── Supplied records ──

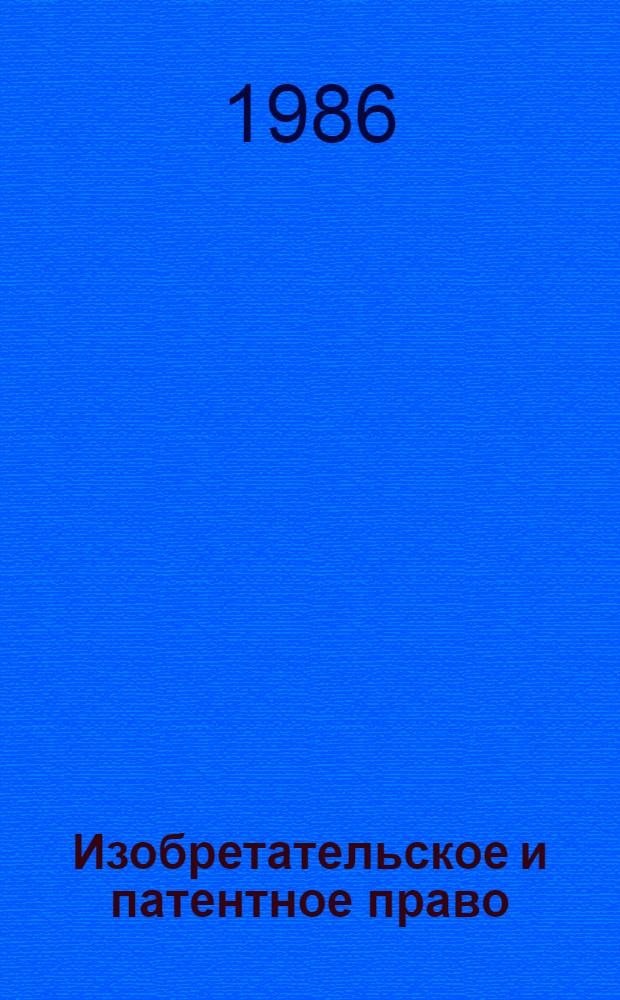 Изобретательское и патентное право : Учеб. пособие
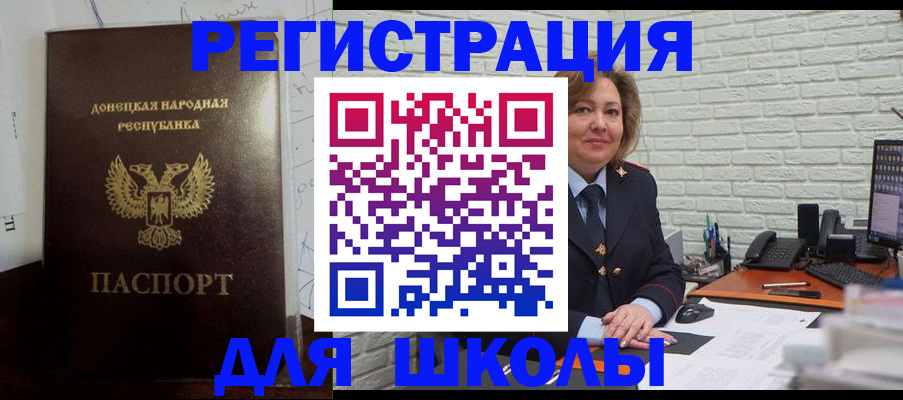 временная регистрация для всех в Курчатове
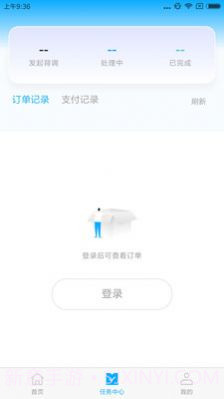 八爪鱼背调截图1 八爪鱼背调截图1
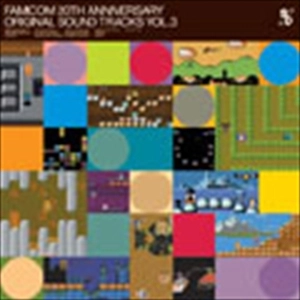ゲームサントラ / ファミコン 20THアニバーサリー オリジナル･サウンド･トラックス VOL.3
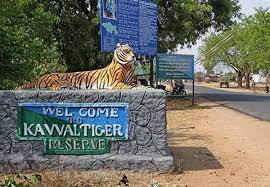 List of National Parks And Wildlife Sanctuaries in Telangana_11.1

───

Reproduce the material word for word. Skip every picture it holds.

Solution for this problem –
 Изобретательское и патентное право : Учеб. пособие
 временная регистрация для всех в Курчатове
 八爪鱼背调截图1 八爪鱼背调截图1
ゲームサントラ / ファミコン 20THアニバーサリー オリジナル･サウンド･トラックス VOL.3
 List of National Parks And Wildlife Sanctuaries in Telangana_11.1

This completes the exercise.